How can I extract text from a table in a PDF file?

5

4

I am trying to implement an algorithm described in an academic paper, which I have in PDF format. The algorithm includes a table of 256 entries that I want to copy to my implementation. However, I can't seem to copy the table as text that I can manipulate. I can only copy it as an image.

How can I extract the table easily without typing it in?

Nathan Fellman

Posted 2009-08-10T19:16:54.333

Reputation: 8 152

Answers

4

PDF2Table

This gives it out to XML I think.

If we surf the web we can find PDF files in heaps.

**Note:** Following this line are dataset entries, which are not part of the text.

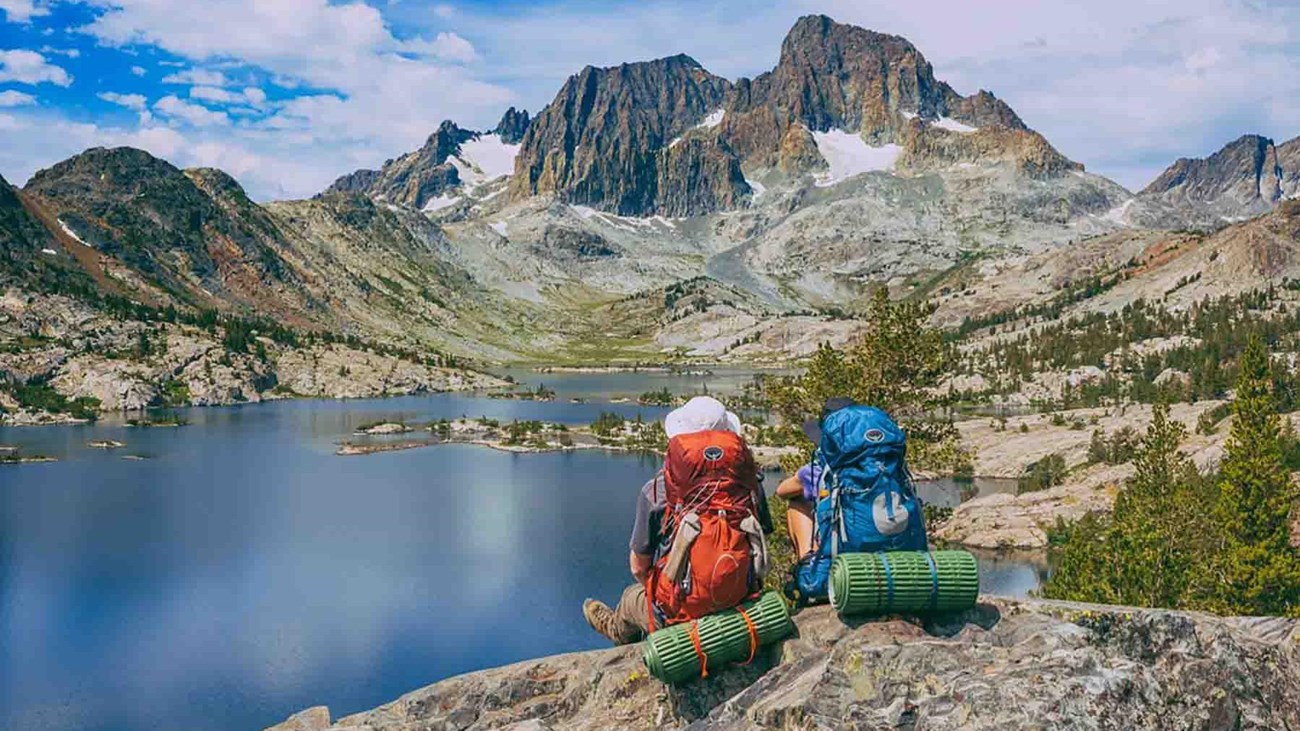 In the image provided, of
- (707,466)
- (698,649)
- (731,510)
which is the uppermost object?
(707,466)

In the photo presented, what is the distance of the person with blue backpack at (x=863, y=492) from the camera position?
10.1m

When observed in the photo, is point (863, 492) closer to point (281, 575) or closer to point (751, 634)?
point (751, 634)

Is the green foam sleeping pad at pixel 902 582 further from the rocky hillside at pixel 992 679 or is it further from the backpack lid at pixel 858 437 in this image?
the backpack lid at pixel 858 437

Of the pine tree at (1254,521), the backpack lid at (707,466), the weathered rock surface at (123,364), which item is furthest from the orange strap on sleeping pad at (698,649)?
the weathered rock surface at (123,364)

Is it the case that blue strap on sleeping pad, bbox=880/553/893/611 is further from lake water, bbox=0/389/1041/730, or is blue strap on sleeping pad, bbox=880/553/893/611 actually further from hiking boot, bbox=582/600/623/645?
lake water, bbox=0/389/1041/730

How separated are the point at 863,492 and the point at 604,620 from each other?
14.7 ft

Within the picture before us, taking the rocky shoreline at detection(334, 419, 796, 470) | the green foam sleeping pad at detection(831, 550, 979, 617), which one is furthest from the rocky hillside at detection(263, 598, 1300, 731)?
the rocky shoreline at detection(334, 419, 796, 470)

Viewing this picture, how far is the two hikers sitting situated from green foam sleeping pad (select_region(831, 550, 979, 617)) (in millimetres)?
586

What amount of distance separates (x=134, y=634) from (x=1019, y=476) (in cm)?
8578

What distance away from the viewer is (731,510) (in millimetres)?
10055

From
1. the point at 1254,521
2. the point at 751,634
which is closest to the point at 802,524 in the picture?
the point at 751,634

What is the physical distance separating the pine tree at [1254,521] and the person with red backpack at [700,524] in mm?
34931

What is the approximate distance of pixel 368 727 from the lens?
12.1 m

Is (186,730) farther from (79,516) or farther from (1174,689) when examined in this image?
(79,516) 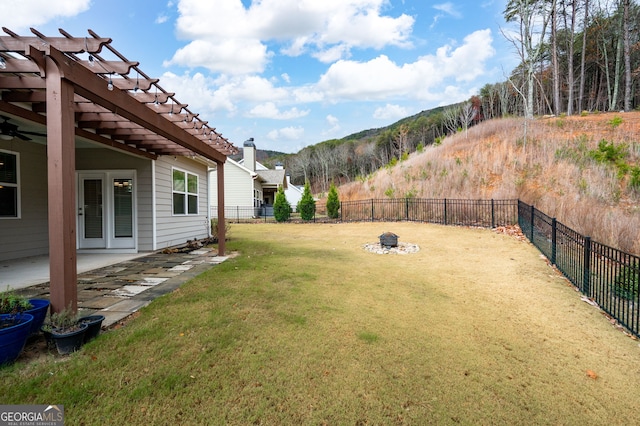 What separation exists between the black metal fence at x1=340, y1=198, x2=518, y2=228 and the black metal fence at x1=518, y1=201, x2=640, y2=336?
3.19 metres

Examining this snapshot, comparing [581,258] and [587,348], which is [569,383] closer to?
[587,348]

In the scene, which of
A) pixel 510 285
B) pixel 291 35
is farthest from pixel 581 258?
pixel 291 35

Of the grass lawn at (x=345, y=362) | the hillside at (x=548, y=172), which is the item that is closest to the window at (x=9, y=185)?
the grass lawn at (x=345, y=362)

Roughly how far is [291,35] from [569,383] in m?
13.3

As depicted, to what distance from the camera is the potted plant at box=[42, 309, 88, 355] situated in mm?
2242

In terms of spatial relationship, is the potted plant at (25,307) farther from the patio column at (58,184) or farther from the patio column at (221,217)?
the patio column at (221,217)

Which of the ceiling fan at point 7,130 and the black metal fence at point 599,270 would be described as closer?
the black metal fence at point 599,270

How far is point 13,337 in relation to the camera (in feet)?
6.77

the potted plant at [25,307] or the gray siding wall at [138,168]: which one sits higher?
the gray siding wall at [138,168]

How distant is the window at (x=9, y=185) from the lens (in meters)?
5.19

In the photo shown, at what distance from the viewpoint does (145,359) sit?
227 cm

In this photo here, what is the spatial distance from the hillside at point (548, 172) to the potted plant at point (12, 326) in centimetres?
953

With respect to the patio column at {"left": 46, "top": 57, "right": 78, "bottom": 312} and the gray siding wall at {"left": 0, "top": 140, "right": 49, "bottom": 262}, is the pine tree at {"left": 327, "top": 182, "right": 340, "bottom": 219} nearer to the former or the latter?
the gray siding wall at {"left": 0, "top": 140, "right": 49, "bottom": 262}

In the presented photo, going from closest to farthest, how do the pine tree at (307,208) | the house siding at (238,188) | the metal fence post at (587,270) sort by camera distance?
the metal fence post at (587,270) → the pine tree at (307,208) → the house siding at (238,188) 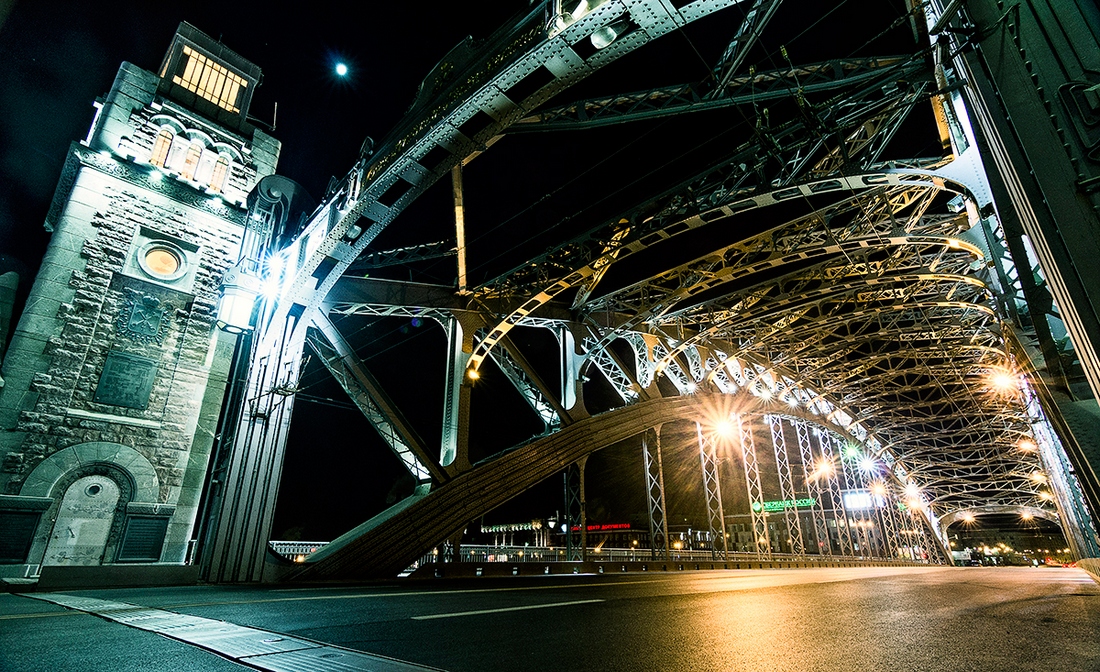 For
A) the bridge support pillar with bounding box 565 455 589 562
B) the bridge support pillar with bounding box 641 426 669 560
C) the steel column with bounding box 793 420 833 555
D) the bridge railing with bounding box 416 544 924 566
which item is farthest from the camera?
the steel column with bounding box 793 420 833 555

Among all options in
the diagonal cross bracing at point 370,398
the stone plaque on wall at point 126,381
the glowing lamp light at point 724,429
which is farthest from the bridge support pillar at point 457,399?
the glowing lamp light at point 724,429

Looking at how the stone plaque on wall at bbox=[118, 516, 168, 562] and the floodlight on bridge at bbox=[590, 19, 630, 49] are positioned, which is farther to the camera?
the stone plaque on wall at bbox=[118, 516, 168, 562]

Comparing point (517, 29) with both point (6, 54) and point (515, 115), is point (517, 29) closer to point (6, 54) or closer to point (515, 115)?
point (515, 115)

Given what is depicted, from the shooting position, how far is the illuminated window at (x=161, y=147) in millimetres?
15211

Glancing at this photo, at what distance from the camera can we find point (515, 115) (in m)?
7.88

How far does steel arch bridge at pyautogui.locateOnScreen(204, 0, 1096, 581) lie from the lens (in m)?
8.64

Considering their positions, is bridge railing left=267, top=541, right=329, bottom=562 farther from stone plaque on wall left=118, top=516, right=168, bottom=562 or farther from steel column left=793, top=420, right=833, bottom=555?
steel column left=793, top=420, right=833, bottom=555

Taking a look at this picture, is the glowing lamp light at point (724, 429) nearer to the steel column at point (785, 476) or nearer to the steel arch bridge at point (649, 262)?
the steel arch bridge at point (649, 262)

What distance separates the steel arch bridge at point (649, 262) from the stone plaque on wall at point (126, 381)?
3386mm

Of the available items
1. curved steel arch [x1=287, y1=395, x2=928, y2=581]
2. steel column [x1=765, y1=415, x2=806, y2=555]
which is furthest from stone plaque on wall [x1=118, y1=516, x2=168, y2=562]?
steel column [x1=765, y1=415, x2=806, y2=555]

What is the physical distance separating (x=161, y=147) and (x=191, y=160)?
81 centimetres

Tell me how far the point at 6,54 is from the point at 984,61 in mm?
19495

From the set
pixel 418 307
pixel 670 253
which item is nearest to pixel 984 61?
pixel 670 253

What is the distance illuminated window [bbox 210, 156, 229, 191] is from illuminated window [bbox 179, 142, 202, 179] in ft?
1.69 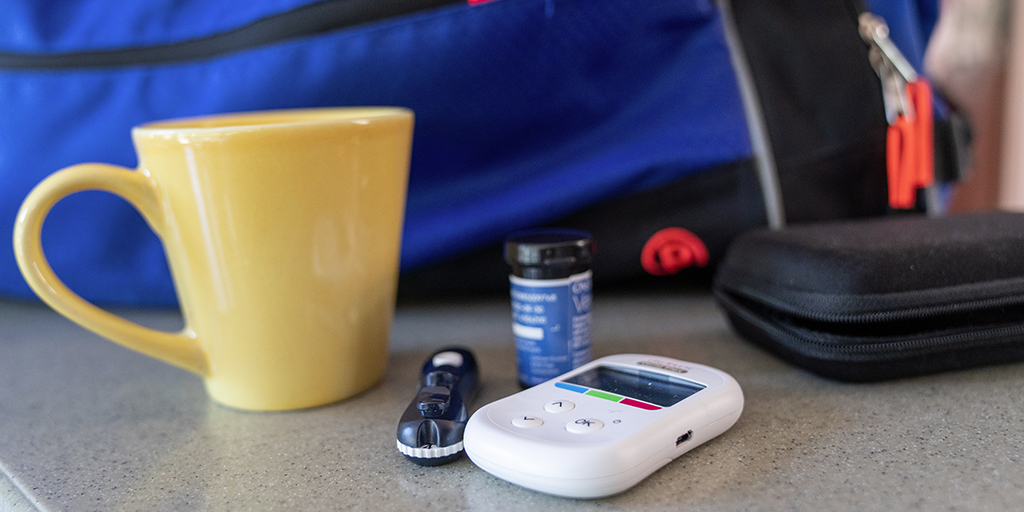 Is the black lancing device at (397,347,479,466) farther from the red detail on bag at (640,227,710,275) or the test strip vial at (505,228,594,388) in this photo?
the red detail on bag at (640,227,710,275)

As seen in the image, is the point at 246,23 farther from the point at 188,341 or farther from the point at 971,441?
the point at 971,441

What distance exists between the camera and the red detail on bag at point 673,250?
0.56 meters

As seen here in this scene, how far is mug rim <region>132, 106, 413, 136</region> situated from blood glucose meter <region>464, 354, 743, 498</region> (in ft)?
0.54

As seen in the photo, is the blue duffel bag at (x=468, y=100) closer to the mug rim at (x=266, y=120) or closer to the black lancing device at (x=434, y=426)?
the mug rim at (x=266, y=120)

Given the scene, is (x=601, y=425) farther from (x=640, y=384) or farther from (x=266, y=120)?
(x=266, y=120)

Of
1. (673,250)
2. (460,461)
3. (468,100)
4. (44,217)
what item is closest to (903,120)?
(673,250)

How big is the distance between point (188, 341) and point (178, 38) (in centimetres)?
27

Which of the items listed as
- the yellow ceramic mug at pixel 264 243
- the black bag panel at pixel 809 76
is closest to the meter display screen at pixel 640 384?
the yellow ceramic mug at pixel 264 243

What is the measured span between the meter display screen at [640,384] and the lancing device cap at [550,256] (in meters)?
0.06

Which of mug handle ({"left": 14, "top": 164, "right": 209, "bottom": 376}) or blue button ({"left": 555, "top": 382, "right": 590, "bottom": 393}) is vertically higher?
mug handle ({"left": 14, "top": 164, "right": 209, "bottom": 376})

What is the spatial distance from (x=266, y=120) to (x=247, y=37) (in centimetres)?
11

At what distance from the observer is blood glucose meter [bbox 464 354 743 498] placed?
0.29 metres

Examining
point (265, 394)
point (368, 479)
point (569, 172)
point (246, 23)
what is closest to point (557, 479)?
point (368, 479)

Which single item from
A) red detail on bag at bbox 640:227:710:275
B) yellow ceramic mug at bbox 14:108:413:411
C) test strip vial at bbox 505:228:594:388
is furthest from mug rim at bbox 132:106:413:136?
red detail on bag at bbox 640:227:710:275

Once technical details of an amazing five mega pixel digital camera, once a statistic about the last two years incomes of an enterprise, and once a brilliant crime novel of Sir Arthur Conan Doyle is saved in a PDF file. The widespread use of this file format takes the focus on the question of how to reuse the data in such a file. Many things are already done in this area. For example, there are several tools that convert PDF-files to other formats.

My work focuses only on the extraction of table information from PDF-files. I searched for tools that extract basic information from PDF-files. I found a tool named pdf2html which also returns data in XML format. To access this XML output I used the JDOM archive.

I developed several heuristics for table detection and decomposition. These heuristics work pretty good on lucid tables (without spanning columns or rows) and fairly good on complex tables (with spanning rows or columns).

Sourceforge link

Ivo Flipse

Posted 2009-08-10T19:16:54.333

Reputation: 24 054

4

  1. The PDF format from its inception (more than 20 years ago) never was intended to be host of extractable, meaningfully structured data.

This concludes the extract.